Impatient Millennial Parent Syndrome

by Dr. Mark Goulston and Ken Sky

We hope we’re wrong about a phenomena that we are observing in some new millennial parent couples.

As a generation millennials often think, act and speak very rapidly and coincident with their sped up lives they may become impatience with anything that causes them to have to slow down.

Along with that it doesn’t take much for that impatience to become frustration and then for that frustration to cross over into anger.

Unfortunately, newborn infants all the way up to toddlers and beyond, have a much higher level of impatience when they are hungry, need to have a diaper changed or just want to be picked up and held.

Their impatience, frustration, crying and screaming when their needs are not attended to will usually override the impatience of a parent, because parents supposedly have a capacity for self-restraint that infants and young children don’t.

Now imagine that the principal caregiver to that child is still a mother and also how that mother also works full time (maternal leave notwithstanding) and how her attention is pulled at nearly 24/7 as she feels responsibilities from every direction in her life and every role she plays.

Furthermore, imagine that the combination of those non-stop responsibilities and an inherent millennial impatience collide frequently inside her mind.

Finally, imagine that whenever her frustration when her child will not feed, go to sleep, or cooperate and cries or screams to express upset in  any of those situations, crosses over into anger towards her child.

Feeling angry towards a child, especially a helpless infant, can trigger threatening feelings inside a mom, from overwhelm to resentment to guilt to shame at being non-loving and a bad mother.

When this happens, the shame and thoughts questioning if she should have had that child may be too upsetting to feel and instead such mothers may look for the least annoying action her husband – and dad of that child – might do and displace her shameful feelings into anger and then snap at him and away from feeling them towards her child.

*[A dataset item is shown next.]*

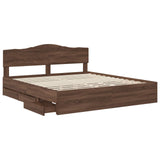Bed Frame with Drawer Brown Oak 200 x 200 cm Engineer Wood 3412976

If this sequence is unchecked, it can lead to a husband becoming frustrated at being used more as a verbal punching bag than a sounding board and he may then react with anger or possibly more frequently, just pull away in sullen silence.

If you recognize this pattern in your own family and marriage, what can you do about it?

At Michelangelo Mindset we have created something we call Michelangelo Parenting and when your children are over the age of seven, when they may be able to think conceptually, that you can include them in.

Our view at Michelangelo Mindset is that just as he saw the sculptures of Angels, David and the pietas inside blocks of marble and carved until he set them free, we believe that inside familial distress and frustration in parenting is a calmness, connectedness and lovingness.

A way for you to carve and set free those positive feelings as young parents and then as a family, is to do the following check in with each other every day, and if possible at 6 pm later on when you’re having dinner together (and which research consistently makes for a healthy family and mentally healthy children):

  • 1- What is one thing each of us felt upset about today?

  • 2- What did it immediately make each of us want to do (our immediate impulse)?

  • 3- What did each of us do?

  • 4- How did that turn out?

  • 5- What was a lesson we could take from that so we can handle such upsets better in the future? 

If you are one of those young mothers who can become highly self-critical at yourself for your impatience and unloving feelings towards your young children, be sure to share those thoughts and feelings with your husband/partner.

And if you are that husband/partner, be sure to reassure your wife/partner what a wonderful loving mother she is and that every mothers occasionally feel the way she does.

Over time, this will become an increasingly easy conversation to have because when a frustrated mom reaches out to her husband to share the upset she feels toward herself instead of blaming him for something, it will make it easier for him to empathize and be compassionate.

These five steps when done consistently can help everyone in a family develop and value one of the most important habits that can lead to happy and successful lives and that habit is self-restraint.